Freitag,
20.9.
KOMMENTAR //Amerikanisch-russischer Radikalpragmatismus
Gerade sollte die Feinarbeit an der neuen amerikanisch-russischen
Partnerschaft beginnen - da setzt Wladimir Putin wieder einmal einen
groben Keil und will den amerikanischen Anti-Terror-Krieg um seinen
russischen Anti-Terror-Krieg vervollständigen. Was Amerika
die islamistische al Qaida, ist Russland die islamistische Guerilla
im Kaukasus, besonders in Tschetschenien.
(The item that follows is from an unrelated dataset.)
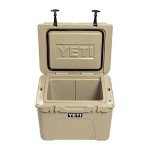 YETI Tundra 35 Cooler - Tan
Oder anders formuliert: Wer den großen Angriff auf den Irak
vorbereitet, sollte bei einer begrenzten russischen Intervention
im georgischen Pankisi-Tal nicht kleinlich sein. An einer solchen
Lesart des russisch-amerikanischen Radikalpragmatismus mag Präsident
Putin besonders schätzen, dass sie nie ausgesprochen werden
muss, weil sie sich von selbst versteht. In das sub-imperiale Moskauer
Denken übertragen, heißt die Botschaft an George W. Bush
in Sachen Georgien: Staatschef Schewardnadse muss eine Lektion erteilt
werden ob seiner Toleranz (oder Ohnmacht) gegenüber den tschetschenischen
Freischärlern im Pankisi-Tal. Russlands verbliebene Stärke
- sprich seine Armee - will dort georgische Schwäche kompensieren.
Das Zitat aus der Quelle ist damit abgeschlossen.